DATASET SECTION Start Marker
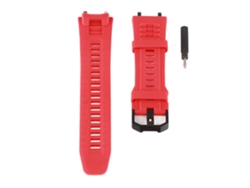 Correas de repuesto compatibles con Amazfit T Rex2 de silicona suave y ajustables.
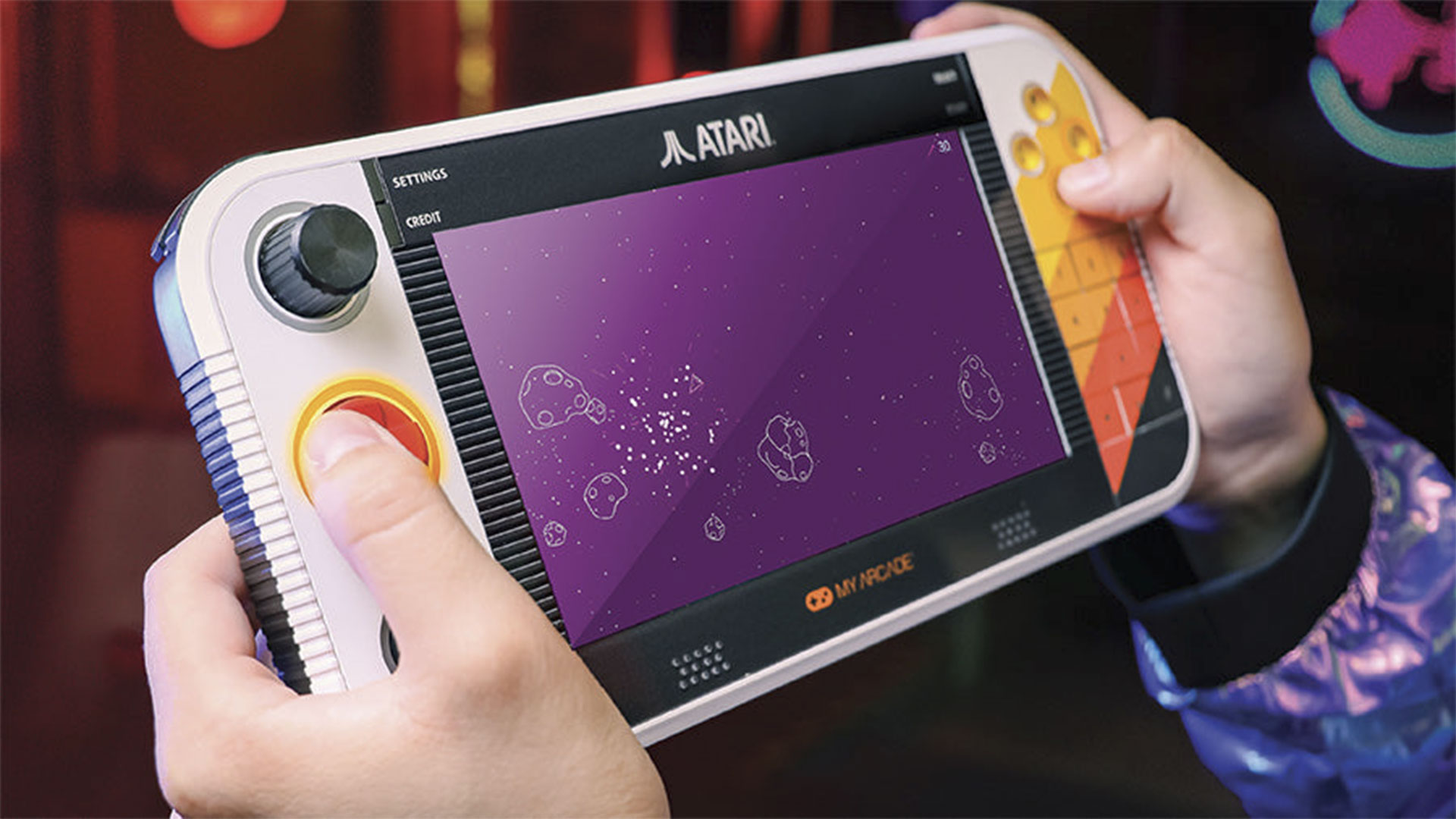 Atari Gamestation Go 
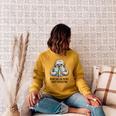 Books Are Like People Except Interesting Bookworm Reader Raglan Sleeve Sweatshirt Ash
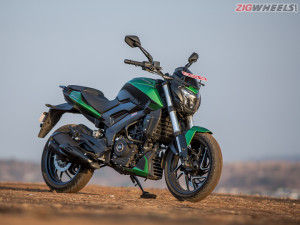 bajaj dominar 250 on road price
DATASET SECTION End Marker
§ WORK INSTRUCTION: Output the data exactly. Leave every picture out.

§ WRITTEN RESPONSE:
 Correas de repuesto compatibles con Amazfit T Rex2 de silicona suave y ajustables.
 Atari Gamestation Go 
 Books Are Like People Except Interesting Bookworm Reader Raglan Sleeve Sweatshirt Ash
 bajaj dominar 250 on road price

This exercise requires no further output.